* **What is being asked**
Every line in the data below that has the word "Книга" should be returned.

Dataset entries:
----
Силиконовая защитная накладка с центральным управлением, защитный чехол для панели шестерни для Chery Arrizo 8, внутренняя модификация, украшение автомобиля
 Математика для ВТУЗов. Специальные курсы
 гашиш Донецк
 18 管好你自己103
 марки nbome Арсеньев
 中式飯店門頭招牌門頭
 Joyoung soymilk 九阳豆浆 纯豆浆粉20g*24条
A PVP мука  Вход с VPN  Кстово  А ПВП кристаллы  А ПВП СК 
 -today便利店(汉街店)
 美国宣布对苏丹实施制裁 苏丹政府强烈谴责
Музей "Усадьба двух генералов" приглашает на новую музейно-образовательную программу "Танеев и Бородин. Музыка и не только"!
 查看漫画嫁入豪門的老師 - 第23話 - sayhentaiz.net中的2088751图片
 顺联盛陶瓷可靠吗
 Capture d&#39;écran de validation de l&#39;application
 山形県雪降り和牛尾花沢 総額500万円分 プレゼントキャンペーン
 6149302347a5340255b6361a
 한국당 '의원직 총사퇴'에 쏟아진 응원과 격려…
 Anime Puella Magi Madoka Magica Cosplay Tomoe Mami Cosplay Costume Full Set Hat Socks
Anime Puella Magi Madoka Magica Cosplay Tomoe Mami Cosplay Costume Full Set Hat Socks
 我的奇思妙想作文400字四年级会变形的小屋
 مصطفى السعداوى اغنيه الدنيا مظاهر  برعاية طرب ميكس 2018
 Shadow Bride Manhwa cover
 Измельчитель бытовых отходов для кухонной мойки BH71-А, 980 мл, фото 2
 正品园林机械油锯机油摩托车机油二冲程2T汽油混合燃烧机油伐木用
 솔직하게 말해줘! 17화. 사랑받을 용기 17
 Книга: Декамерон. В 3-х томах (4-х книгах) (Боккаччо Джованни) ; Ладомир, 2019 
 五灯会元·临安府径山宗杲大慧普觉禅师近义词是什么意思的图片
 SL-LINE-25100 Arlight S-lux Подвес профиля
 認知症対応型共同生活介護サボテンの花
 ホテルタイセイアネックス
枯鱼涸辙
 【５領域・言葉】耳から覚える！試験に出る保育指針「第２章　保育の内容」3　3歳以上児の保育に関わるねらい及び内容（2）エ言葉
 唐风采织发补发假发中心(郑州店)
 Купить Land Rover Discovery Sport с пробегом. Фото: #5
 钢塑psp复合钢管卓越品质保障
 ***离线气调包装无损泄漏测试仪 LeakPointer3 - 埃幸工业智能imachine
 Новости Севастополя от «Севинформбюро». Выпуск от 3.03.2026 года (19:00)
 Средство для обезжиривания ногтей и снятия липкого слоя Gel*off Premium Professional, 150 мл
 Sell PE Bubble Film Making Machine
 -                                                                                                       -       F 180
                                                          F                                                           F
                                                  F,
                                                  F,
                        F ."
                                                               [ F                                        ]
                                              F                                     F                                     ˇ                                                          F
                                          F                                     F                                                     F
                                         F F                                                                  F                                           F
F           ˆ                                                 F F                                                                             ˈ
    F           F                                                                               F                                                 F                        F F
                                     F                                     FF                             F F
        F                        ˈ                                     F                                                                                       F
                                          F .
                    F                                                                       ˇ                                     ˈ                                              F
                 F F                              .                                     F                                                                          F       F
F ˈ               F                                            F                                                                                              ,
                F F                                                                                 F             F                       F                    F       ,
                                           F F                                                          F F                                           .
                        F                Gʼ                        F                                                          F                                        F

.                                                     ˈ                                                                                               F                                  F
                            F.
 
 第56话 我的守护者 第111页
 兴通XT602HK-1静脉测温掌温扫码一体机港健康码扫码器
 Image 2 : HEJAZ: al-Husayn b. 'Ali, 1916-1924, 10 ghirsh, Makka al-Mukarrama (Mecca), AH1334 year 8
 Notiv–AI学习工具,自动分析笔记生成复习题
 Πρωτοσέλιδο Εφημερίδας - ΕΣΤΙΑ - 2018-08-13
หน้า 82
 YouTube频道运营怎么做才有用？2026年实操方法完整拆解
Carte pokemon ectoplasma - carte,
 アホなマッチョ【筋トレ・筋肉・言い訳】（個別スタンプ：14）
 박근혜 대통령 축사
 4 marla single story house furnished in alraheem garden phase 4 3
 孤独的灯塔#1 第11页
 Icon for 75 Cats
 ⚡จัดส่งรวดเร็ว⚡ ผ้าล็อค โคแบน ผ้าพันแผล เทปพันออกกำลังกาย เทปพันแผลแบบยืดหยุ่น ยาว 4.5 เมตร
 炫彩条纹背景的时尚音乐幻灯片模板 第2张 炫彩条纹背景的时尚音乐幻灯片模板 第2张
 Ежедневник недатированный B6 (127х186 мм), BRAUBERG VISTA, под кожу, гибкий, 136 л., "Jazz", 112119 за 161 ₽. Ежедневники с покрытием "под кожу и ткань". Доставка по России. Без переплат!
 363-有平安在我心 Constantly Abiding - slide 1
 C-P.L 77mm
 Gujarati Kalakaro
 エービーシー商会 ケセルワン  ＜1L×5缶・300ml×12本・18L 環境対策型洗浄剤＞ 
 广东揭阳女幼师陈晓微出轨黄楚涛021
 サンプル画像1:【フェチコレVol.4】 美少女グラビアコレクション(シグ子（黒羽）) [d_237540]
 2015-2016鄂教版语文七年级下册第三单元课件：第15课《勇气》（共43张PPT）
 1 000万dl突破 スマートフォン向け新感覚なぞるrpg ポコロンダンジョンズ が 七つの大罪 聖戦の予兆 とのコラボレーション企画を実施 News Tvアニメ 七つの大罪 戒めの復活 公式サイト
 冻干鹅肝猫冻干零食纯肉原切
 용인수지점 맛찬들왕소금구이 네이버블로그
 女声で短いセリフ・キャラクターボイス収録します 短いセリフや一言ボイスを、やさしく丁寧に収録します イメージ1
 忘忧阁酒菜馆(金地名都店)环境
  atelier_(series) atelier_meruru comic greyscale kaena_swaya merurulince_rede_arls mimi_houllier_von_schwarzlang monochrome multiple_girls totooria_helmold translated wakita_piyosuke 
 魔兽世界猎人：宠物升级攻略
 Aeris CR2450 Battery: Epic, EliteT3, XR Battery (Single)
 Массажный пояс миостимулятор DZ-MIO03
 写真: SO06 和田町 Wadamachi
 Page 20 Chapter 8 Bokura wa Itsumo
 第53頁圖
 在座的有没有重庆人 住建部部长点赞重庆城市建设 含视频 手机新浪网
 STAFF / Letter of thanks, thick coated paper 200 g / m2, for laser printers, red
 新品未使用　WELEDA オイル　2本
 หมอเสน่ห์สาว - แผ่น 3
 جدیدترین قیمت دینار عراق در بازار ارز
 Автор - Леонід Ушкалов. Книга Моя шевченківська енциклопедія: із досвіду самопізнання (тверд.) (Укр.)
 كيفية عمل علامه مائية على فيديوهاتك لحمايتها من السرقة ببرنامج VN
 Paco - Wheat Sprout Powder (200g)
----
* **Output for this task**
 Книга: Декамерон. В 3-х томах (4-х книгах) (Боккаччо Джованни) ; Ладомир, 2019 
 Автор - Леонід Ушкалов. Книга Моя шевченківська енциклопедія: із досвіду самопізнання (тверд.) (Укр.)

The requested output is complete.